Nowhere in our literature is the tired yet happy tranquillity,
which may come to a noble mind long vexed with its own terrors, more finely
expressed than in Herbert’s poem of The Flower'.
“ And now in age I bud again;
After so many deaths I live and write;
I once more smell the dew and rain,
And relish versing: O my only light,
It cannot be
That I am he
On whom thy
tempests fell all night.”
Herbert
had many imitators, for there were many men in his age who thought and felt as
he did, yet who lacked his original genius. But the chief of his imitators was
also an original poet of a genius very different from his own. Henry Vaughan
(1621-22-1695) was a Welshman of whose secluded life very little is known. Like
Herbert, he was an Anglican; and, like Herbert, he often expresses his own
spiritual shortcomings and misgivings in his poetry. Yet he seems to do this
mainly because Herbert did it. His most original poems are much more abstract
and more immediately concerned with beauty than Herbert’s. Vaughan, indeed, is
most remarkable for his treatment of nature, a treatment quite novel in his own
day, and anticipating the treatment of Wordsworth, Shelley, and other poets of
the nineteenth century. Yet it was the religious earnestness of his age working
upon a natural delight in the beauties of nature, which led Vaughan to see a
new significance in these beauties. He, like Herbert, was anxious to find links
between earth and heaven, to reconcile things terrestrial with things
celestial; and, as Shelley scanned the world for hints and symbols of that idea
of beauty on which his heart was set, as Wordsworth felt and laboured to express a growing intimacy between the soul of
man and the beauties of nature, so Vaughan found in those beauties both an
assurance of the goodness of God and an image of His mysteries. The
Elizabethans saw in them only ornaments to the life of man, and external images
of human beauty. Nature for them has no independent life of its own. It
suggests comparisons, but not ideas. But in Vaughan’s poetry it ceases to be
an ornament. It becomes mysterious and significant of things outside the life
of man, because he recognises in it symbols of
beauties and mysteries which the mind of man is incapable of comprehending.
Vaughan
never consciously expresses such a doctrine of the independence of nature as
later poets have expressed. Yet his poetry is filled with unconscious
expressions of that independence. He can write thus for instance of a fallen
tree:
“Sure
thou didst flourish once; and many springs,
Many
bright mornings, much dew, many showers
Passed
o’er thy head; many light hearts and wings,
Which
now are dead, lodged in thy living bowers.”

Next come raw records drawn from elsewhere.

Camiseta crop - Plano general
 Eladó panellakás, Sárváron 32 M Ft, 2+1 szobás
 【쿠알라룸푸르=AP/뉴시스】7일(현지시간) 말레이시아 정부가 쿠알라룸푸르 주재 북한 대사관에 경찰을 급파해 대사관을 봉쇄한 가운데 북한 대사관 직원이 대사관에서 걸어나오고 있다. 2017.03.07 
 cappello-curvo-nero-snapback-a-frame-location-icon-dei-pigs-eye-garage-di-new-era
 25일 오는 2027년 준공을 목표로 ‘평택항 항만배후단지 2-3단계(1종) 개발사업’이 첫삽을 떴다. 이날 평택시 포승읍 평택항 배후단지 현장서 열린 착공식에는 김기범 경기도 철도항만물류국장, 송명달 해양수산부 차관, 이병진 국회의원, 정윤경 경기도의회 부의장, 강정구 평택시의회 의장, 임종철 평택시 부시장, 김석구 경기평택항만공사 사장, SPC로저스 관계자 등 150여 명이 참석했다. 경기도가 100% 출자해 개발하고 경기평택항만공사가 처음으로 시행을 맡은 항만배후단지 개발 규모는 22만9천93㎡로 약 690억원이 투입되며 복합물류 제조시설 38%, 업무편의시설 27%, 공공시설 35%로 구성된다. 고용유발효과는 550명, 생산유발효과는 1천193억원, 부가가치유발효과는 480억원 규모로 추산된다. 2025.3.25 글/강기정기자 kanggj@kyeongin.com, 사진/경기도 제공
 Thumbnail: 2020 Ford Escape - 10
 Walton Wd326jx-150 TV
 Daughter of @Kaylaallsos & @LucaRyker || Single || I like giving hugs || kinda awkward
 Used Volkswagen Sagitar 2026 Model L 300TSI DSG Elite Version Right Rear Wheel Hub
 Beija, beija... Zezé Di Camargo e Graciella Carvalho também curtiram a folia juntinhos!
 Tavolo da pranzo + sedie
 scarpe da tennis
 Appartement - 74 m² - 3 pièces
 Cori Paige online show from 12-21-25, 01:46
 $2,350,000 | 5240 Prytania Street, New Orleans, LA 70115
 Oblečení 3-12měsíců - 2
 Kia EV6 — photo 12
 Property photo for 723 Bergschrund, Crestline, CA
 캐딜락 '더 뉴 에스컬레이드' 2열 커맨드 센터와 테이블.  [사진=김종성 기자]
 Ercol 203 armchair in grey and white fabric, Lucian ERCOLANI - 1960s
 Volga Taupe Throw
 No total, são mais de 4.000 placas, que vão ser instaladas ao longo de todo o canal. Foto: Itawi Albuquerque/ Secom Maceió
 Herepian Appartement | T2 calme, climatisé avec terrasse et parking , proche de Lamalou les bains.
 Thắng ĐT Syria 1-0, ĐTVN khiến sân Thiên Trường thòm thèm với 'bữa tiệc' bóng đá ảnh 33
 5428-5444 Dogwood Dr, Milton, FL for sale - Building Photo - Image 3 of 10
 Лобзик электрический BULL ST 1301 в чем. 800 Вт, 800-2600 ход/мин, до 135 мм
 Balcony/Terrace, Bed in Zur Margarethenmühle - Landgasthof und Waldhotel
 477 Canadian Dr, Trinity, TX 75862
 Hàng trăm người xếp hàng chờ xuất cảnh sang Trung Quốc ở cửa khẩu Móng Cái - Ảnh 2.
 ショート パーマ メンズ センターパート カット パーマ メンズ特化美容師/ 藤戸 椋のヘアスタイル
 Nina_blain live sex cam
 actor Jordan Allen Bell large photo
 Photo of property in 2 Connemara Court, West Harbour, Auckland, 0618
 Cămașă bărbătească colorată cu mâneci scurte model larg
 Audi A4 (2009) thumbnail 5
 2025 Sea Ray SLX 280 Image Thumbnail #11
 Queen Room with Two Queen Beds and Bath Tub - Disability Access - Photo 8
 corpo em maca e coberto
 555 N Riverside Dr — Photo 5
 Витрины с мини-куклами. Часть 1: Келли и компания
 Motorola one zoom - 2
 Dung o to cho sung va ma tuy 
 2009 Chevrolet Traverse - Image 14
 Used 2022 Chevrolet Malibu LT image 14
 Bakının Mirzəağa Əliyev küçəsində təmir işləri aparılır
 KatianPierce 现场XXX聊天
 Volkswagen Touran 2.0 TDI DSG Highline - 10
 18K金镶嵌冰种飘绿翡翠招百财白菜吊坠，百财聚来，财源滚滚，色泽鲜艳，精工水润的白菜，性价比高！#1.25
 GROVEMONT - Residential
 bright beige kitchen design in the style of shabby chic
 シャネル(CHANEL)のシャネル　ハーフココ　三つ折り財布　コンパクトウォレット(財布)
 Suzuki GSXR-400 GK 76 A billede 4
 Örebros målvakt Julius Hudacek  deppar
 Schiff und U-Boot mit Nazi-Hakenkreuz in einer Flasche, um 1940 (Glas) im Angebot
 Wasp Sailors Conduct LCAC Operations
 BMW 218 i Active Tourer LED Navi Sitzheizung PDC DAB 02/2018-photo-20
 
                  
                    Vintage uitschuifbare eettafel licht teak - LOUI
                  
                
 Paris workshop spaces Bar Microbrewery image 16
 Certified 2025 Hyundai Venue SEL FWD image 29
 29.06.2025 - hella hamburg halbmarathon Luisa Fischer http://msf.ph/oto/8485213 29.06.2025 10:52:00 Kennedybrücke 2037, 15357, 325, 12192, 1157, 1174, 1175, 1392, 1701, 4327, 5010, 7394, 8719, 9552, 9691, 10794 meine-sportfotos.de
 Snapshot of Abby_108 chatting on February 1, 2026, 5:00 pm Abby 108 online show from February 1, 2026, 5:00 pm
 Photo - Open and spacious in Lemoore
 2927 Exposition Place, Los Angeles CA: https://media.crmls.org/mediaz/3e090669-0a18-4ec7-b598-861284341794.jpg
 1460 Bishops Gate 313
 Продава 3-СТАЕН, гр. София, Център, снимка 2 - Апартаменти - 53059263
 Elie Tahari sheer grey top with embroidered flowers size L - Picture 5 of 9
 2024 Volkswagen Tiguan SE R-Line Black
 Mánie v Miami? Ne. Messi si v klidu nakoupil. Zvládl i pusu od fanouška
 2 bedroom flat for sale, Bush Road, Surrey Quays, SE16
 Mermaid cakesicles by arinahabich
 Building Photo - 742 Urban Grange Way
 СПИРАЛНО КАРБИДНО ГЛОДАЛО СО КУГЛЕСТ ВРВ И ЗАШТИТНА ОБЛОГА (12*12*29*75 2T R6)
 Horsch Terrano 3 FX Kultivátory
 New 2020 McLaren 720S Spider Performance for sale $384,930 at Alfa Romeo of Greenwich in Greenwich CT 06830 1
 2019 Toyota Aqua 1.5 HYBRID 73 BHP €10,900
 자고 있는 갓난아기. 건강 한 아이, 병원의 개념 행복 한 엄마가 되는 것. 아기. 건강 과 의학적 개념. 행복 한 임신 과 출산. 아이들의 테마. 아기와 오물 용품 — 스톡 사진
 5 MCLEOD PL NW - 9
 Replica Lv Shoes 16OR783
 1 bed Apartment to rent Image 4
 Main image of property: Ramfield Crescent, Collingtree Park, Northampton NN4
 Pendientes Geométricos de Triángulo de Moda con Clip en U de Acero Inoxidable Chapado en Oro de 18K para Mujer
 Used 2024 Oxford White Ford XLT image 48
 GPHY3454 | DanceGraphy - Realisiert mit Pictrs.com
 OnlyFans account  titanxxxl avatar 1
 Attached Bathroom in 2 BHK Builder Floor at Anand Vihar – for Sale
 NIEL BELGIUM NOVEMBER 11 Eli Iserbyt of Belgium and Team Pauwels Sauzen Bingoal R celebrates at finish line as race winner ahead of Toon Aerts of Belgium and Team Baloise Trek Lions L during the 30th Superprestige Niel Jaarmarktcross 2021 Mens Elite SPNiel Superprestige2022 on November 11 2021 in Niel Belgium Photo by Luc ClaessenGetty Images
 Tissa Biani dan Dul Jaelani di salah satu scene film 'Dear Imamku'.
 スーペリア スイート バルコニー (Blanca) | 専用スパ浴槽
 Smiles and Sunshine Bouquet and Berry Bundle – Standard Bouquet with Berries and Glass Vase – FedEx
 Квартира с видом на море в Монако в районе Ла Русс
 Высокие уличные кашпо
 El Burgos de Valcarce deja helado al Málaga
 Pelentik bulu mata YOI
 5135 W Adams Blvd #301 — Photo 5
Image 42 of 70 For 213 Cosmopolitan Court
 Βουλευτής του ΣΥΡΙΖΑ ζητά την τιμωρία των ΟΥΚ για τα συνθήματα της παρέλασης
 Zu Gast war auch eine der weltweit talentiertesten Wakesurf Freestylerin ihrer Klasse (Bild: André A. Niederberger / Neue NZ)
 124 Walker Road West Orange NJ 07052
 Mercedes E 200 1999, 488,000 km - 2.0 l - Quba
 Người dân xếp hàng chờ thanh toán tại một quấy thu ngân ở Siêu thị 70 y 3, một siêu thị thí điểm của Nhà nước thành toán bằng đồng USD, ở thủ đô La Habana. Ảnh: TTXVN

True, the poem goes on to trace a rather
fanciful connexion between the tree and a murdered
man; yet its real inspiration comes from Vaughan’s sense of the tree as
something to be loved and pitied like a human being; and this sense came to him
because he was wont to look for a kind of soul in natural things, for a life as
significant of the divine mysteries which engrossed his mind as the life of
man.
Thus his
images derived from nature have a new simplicity and profundity. They are as
natural and as mysterious as the things; from which they are taken. He speaks,
for instance, of man before the Fall as.
“All naked,
innocent, and bright
And intimate with Heaven as light.”
His own poetry, from his communion with nature,
has that same intimacy with the divine, for it was through nature that he gazed
upon and seemed to pierce the secrets beyond nature:
“He that hath found some fledged bird’s nest may
know
At first sight if the bird be flown;
But what fair dell or grove he sings in now,
That is to him unknown.”
In
childhood as in nature he found a revelation of divine things, and the most
beautiful of all his poems anticipates and is said to have suggested
Wordsworth’s Intimations of Immortality,
Another
poet, Thomas Traherne, whose works have only lately
been given to the world by a fortunate discovery, made much of his poetry out
of that theme. Traherne, who was bom perhaps in 1630, and died in 1674, was an Anglican clergyman, and perhaps a
Welshman like Vaughan. His life, like Vaughan’s, appears to have been secluded
and uneventful. His poems, though full of quiet beauty, never reach the heights
attained sometimes by Herbert or Vaughan; but they are remarkable for the
persistency with which they work out certain ideas such as that of the
remembrance of heavenly things in childhood. English minor poets have never
been so much occupied with ideas as in the seventeenth century, or at least
have never held them with so much conviction or applied them so consistently to
their lives. Traherne appears, both from his poems
and from extracts published from his prose Centuries of Meditations, to
have been more of a philosopher than either Herbert or Vaughan; and philosophic
ideas are developed in his verse with a closeness of reasoning which sometimes
hampers his inspiration. The object of all his arguments is to prove that connexion between earth and heaven which so absorbed the
minds of Herbert and Vaughan. Like them, he is an unworldly poet who will not
write of the lust of the eye and the pride of life, who pursues his own private
meditations and seeks his own spiritual joy remote from other men. But Traherne had neither Herbert’s knowledge of life and
intensity of experience, nor Vaughan’s prophetic sympathy with nature. He deals
more with abstractions than either of them. In argument he is their superior,
but he is their inferior in poetry.
Richard
Crashaw began as an Anglican poet .like Herbert, Vaughan, and Traherne. He was, indeed, the son of an Anglican clergyman.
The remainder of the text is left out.